Ultrafast MO techniques further open pathways in spintronics, quantum computing, and high-density storage: spin valves and MRAM benefit from insights into spin injection, transfer, and switching [261]; heat-assisted magnetic recording (HAMR) exploits ultrafast optics for rapid, dense writing [262]; and ultrafast control underpins qubit initialization/readout and decoherence mitigation in quantum information processing [263]. Hybrid measurement platforms that combine magnetoplasmonics with ultrafast electron diffraction (UED) and Raman spectroscopy capture coupled dynamics across spin, charge, and lattice channels [34]. For environmental monitoring, magnetoplasmonic sensors detect atmospheric species such as NO 2 and humidity through real-time refractive-index tracking, providing robust and cost-effective industrial solutions [264]. ADMOMSs promises high-speed modulators and low-loss isolators for telecommunications, integrated photonics for quantum technologies, and sharp-resonance platforms for biosensing and nanoscale magnetic imaging [265]. Kerr microscopy remains central to visualizing complex spin textures, including skyrmions, and quantifying interlayer coupling, exchange bias, and anisotropy in layered systems [30].
Realizing these opportunities requires addressing fabrication tolerances, optical losses, and integration constraints. Precision optical metrology, including weak-measurement schemes, improves the accuracy of the Kerr parameters [252]. Low-loss dielectric magnetophotonic structures provide promising alternatives to plasmonic components for photonic integration [266]. Strategic roadmaps, including the 2022 magnetooptics Roadmap [43,267], outline opportunities such as applying MO ellipsometry to verify Jones-type reflection matrices ([43], pp. 23–25) and embedding MO materials into nanoscale resonators and metasurfaces for subwavelength light control [268]. Together, the continued convergence of AI-assisted design, ultrafast optical techniques, quantum and 2D materials, and hybrid photonic architectures, along with advances in low-loss material platforms and precision metrology, positions magnetooptics to drive the next generation of photonic, spintronic, and quantum technologies [21,37,89,244,246,248,249,254]. As these interdisciplinary advances continue to mature, magnetooptics is poised to transition from primarily laboratory demonstrations to robust, scalable technologies with a real-world impact [34,94,255,256,257,258,259,261,263,264,265,269].

7. Translational Synthesis: Comparative Analysis, Challenges, and Readiness for Applications

Magnetooptical (MO) and magnetoplasmonic platforms have advanced significantly in recent years, driven by developments in materials engineering, multilayer architectures, and nanoscale light—matter coupling. These advances have enabled unprecedented sensitivity in biochemical sensing, environmental monitoring, and spin—photon control. However, translating laboratory demonstrations into functional technologies requires an integrated assessment of material constraints, fabrication scalability, device robustness, and system-level compatibility.
This section synthesizes comparative performance across magneto-photonic architectures, evaluates persistent cross-cutting challenges, and identifies pathways toward technological readiness. The overarching trends align with the perspectives discussed in recent reviews on emerging magnetooptical architectures and translational trajectories [32,43,117] and are consistent with the broader evolution of magnetooptics summarized in [2,18,34] and the comprehensive survey in Ref. [83].

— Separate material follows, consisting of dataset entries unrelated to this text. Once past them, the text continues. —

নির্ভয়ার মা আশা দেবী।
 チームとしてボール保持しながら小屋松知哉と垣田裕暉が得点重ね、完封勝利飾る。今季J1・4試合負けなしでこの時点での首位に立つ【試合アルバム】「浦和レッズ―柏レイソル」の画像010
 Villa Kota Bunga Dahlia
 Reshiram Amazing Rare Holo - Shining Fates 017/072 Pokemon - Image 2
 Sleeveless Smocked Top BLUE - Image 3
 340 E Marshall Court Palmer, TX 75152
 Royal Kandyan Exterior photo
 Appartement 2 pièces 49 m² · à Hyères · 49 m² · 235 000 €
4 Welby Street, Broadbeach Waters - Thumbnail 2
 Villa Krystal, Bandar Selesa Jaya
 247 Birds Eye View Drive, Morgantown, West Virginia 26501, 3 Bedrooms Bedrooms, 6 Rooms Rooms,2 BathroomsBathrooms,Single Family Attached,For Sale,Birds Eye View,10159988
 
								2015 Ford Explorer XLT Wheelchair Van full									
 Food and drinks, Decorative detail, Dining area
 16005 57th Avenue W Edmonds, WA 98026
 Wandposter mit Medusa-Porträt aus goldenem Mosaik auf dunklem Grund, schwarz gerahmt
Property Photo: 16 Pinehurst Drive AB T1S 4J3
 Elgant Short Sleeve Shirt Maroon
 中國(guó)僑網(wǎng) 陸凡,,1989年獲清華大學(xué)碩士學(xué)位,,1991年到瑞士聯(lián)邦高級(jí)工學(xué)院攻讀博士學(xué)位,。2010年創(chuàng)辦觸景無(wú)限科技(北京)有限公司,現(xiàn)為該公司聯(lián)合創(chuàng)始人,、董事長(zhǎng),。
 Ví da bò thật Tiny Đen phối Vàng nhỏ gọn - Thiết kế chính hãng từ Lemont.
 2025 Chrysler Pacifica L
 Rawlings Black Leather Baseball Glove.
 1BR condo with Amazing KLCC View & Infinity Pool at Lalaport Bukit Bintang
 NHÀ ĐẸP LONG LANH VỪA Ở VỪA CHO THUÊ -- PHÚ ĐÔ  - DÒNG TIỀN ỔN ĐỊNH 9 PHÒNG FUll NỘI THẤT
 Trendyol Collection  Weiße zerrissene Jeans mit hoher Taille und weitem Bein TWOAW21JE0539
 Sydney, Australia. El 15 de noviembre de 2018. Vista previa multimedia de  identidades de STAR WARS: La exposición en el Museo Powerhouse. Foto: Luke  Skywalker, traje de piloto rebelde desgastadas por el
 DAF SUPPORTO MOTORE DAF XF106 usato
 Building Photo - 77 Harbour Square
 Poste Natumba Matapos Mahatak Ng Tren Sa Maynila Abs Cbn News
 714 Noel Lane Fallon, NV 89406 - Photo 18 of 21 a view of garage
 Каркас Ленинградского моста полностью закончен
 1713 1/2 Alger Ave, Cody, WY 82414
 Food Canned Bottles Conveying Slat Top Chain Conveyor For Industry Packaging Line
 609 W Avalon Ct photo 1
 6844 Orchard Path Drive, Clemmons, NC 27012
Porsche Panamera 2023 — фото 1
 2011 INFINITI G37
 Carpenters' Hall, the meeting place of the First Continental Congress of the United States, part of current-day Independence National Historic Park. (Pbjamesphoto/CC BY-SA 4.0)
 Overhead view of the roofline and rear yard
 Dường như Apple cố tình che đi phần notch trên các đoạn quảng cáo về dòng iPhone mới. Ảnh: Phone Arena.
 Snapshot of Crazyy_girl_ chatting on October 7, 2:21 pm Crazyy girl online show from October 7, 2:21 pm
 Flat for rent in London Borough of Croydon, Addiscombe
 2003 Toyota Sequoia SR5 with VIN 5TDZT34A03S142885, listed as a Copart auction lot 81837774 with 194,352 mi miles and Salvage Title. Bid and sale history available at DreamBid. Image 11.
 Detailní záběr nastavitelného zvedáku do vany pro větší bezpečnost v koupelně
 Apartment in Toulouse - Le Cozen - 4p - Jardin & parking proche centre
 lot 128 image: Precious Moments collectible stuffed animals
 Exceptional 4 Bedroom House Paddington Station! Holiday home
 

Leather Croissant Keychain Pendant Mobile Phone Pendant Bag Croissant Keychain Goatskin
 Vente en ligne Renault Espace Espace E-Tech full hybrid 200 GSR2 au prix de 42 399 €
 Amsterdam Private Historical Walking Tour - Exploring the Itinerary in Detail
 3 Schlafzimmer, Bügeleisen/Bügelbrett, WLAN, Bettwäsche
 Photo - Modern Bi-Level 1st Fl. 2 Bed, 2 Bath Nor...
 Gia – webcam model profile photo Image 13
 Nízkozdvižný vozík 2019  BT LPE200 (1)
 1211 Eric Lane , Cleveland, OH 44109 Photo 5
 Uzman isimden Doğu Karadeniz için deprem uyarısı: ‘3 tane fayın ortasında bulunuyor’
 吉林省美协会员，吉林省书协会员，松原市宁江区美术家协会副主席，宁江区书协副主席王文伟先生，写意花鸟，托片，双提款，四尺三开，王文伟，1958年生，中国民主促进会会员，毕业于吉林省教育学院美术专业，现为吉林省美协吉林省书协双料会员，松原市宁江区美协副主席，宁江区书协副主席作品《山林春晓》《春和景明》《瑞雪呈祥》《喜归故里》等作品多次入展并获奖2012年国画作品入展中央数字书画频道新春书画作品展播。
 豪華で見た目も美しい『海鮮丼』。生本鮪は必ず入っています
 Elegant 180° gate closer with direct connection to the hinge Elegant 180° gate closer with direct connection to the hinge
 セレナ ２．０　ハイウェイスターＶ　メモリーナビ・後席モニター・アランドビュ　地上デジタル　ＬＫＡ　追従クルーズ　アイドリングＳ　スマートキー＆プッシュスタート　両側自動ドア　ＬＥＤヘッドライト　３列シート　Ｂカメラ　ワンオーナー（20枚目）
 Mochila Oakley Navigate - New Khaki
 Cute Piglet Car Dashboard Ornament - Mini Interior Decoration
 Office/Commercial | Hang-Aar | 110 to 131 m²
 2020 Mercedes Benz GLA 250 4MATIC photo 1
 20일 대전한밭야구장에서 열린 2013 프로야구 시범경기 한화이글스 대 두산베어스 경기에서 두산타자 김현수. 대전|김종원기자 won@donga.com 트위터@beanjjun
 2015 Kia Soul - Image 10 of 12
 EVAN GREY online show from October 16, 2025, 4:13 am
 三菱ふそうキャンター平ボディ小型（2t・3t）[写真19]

7.1. Comparative Performance Across MO-Enhanced Sensing Platforms

Magnetoplasmonic sensors based on Kretschmann configurations integrating Au/Co, Au/Co/Ag, or periodic Co/Au stacks demonstrate a clear enhancement of transverse magnetooptical Kerr effect (T-MOKE) signals due to the strong overlap between plasmonic near-fields and magnetic layers [66,117].
As summarized in Table 16, magnetophotonic platforms leveraging hybrid SPP—LSP excitation achieved attomole analytical sensitivity [18], whereas multilayer Au/Co/polyimide stacks targeted gas-phase analytes and delivered improvements of an order of magnitude beyond conventional SPR [34]. These systems differ in theoretical treatment and optimization strategies: the former employs propagation constant analysis for mode coupling, while the latter uses T-MOKE and multi-thickness tuning to engineer depth-dependent field enhancement. Rizal et al. demonstrate attomole-level analyte detection through careful tuning of SPP and LSP dispersion [18]. In contrast, Sapkota et al. report a tenfold sensitivity increase over conventional SPR sensors in gas monitoring applications [34].
Table 16. Comparison of MO-enhanced sensor approaches by [18,34].
Both approaches strategically exploit field confinement to enhance MO responses, though they do so through different optimization pathways. This contrast is reflected in the Q-factor [66],
Q = λ 0 Δ λ ,
which captures how spectral sharpness influences sensitivity.
Nanostructured magnetoplasmonic architectures, including Au/Co/Au nanodisks and nanoporous Ag/CoFeB/Ag composites, further improve sensing performance by generating highly confined electromagnetic “hot spot” regions at plasmonic resonance. These localized fields substantially amplify the Kerr response and reduce the refractive index detection limit to the order of 10 6 RIU [18,132]. Such enhancements are consistent with broader advances in magnetoplasmonics, where engineered field confinement and plasmon—magnetization mode hybridization serve as key design strategies for maximizing sensitivity and tunability [32,117]. Figure 6 illustrates that MOSP provides higher refractive index sensitivity than conventional SPR through magnetic field—induced changes in reflectivity [34,119]. This enhanced response underpins the improved detection performance of magnetooptical sensing platforms.
Figure 6. Comparison of SPR (reflectance vs. incident angle) and MOSP (change in reflectivity under a saturating magnetic field) sensitivities for a Co-coated sensor. The blue and red curves correspond to SPR and MOSPR sensitivities expressed in %/RIU, respectively, demonstrating enhanced refractive index sensitivity when magnetooptical modulation is employed. Adopted from [34].

7.2. Materials Landscape and Integration Readiness

The maturity of these platforms varies largely due to material constraints. Conventional ferromagnets (Co, Fe, Ni) provide a robust magnetooptical (MO) response but suffer from high damping and optical absorption, which limit resonance sharpness and stability. Ferrimagnetic garnets (e.g., YIG) offer ultra-low damping and excellent magnetooptical (MO) efficiency but require epitaxial growth, which complicates integration with plasmonic metals. Hybrid candidates such as CoFeB and emerging organic ferrimagnets (e.g., V[TCNE]x) reduce damping while retaining compatibility with planar fabrication; however, they require improved environmental stability and interface passivation for long-term operation.
Transparent conductive oxides (TCOs), including indium tin oxide (ITO) and doped copper chalcogenide nanocrystals, are gaining traction due to their tunable carrier density and capacity to support localized surface plasmon resonance (LSPR)-like modes. Recent findings suggest that optimized TCO-based nanostructures can exhibit magnetoplasmonic activity exceeding that of noble metals by nearly an order of magnitude, positioning them as compelling candidates for scalable and CMOS-compatible integration.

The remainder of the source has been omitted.